El porcentaje de la población necesario para lograr una inmunidad colectiva depende del tipo de enfermedad y de la eficacia de las vacunas. En enfermedades que se transmiten fácilmente es necesario vacunar a un mayor porcentaje de la población. Por ejemplo, el sarampión se transmite con muchísima facilidad, por eso, a pesar de que disponemos de una vacuna muy eficaz, se requiere que un 95 % de la población esté vacunada para evitar rebrotes. Este es, precisamente, el motivo de la aparición de brotes de sarampión en situaciones en las que la cobertura de vacunación no es la óptima. La COVID-19, aunque se transmite con facilidad, no llega a alcanzar la contagiosidad del sarampión, de ahí que la cobertura de vacunación necesaria para lograr la inmunidad colectiva se estime en, aproximadamente, un 60 %.

11.- ¿Habrá más vacunas o cambiará el régimen de vacunación contra la COVID-19?

Tradicionalmente en la historia de las vacunas, la experiencia ha permitido ajustar el número, la concentración y/o los intervalos entre dosis de vacunas. Incluso en algunos casos se han reemplazado algunas estrategias vacunales por otras que presentaron menores efectos adversos y/o mayor eficacia. Por ello, no podemos descartar futuros cambios en el régimen de vacunación contra la COVID-19. En este contexto, las primeras vacunas en llegar no necesariamente han de ser las más eficaces. Existen otras vacunas candidatas que se ha ensayado en fase 3, como la vacuna ChAdOx1 nCoV-19 (Universidad de Oxford-AstraZeneca), basada en un adenovirus de chimpancé, capaz de infectar, pero no de multiplicarse, en las células humanas y, por tanto, sin ocasionar daño ni enfermedad. Este adenovirus ha sido modificado para llevar la información genética de la proteína S, de modo que, tras la infección con el adenovirus, nuestras células producirían la proteína S. Es importante destacar que continuar la investigación en nuevas vacunas es imperativo, y que existen otros candidatos a vacuna que no confían exclusivamente en la inmunización contra la proteína S, sino que utilizan virus completos, bien inactivados o atenuados, cuyo almacenamiento, transporte, distribución y vía de administración puede favorecer la mayor cobertura vacunal a nivel de la población mundial. Estas vacunas basadas en microorganismos completos son habitualmente más inmunogénicas que las basadas en una única proteína, pero es necesario ensayar más minuciosamente su seguridad.

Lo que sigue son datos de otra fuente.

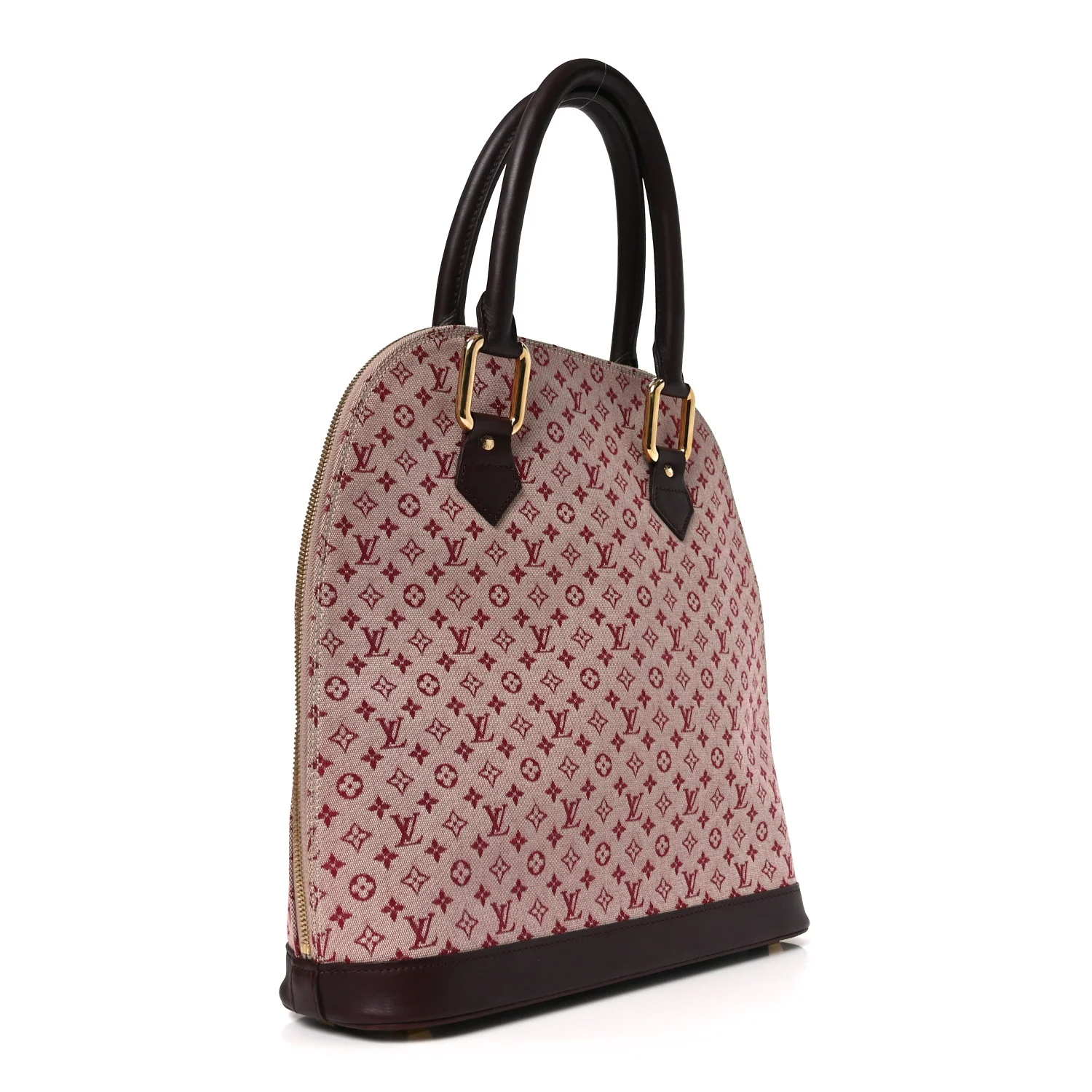 Mini Monogram Alma Haut Tote Cherry - Image 3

12.- ¿Las vacunas contra la COVID-19 servirán para controlarnos o para modificarnos genéticamente?

Rotundamente no. Las vacunas son fruto del progreso del ser humano, y se llevan empleando cientos de años para evitar padecer enfermedades y como consecuencia de ello secuelas importantes, así como muertes prematuras. Algunas vacunas han conseguido erradicar enfermedades (la vacuna de la viruela), también se han mostrado eficaces en prevenir el desarrollo de cáncer (la vacuna del papiloma). La creencia errónea de pensar que las vacunas se diseñan para controlarnos o modificarnos genéticamente ha traído retrocesos en el control de algunas enfermedades, como por ejemplo el problema tan importante de la falta de erradicación de la polio en algunos países de África o Asia. La proclama de estas ideas demuestra una falta absoluta de conocimientos, ya no solo científicos, sino de la biología más fundamental.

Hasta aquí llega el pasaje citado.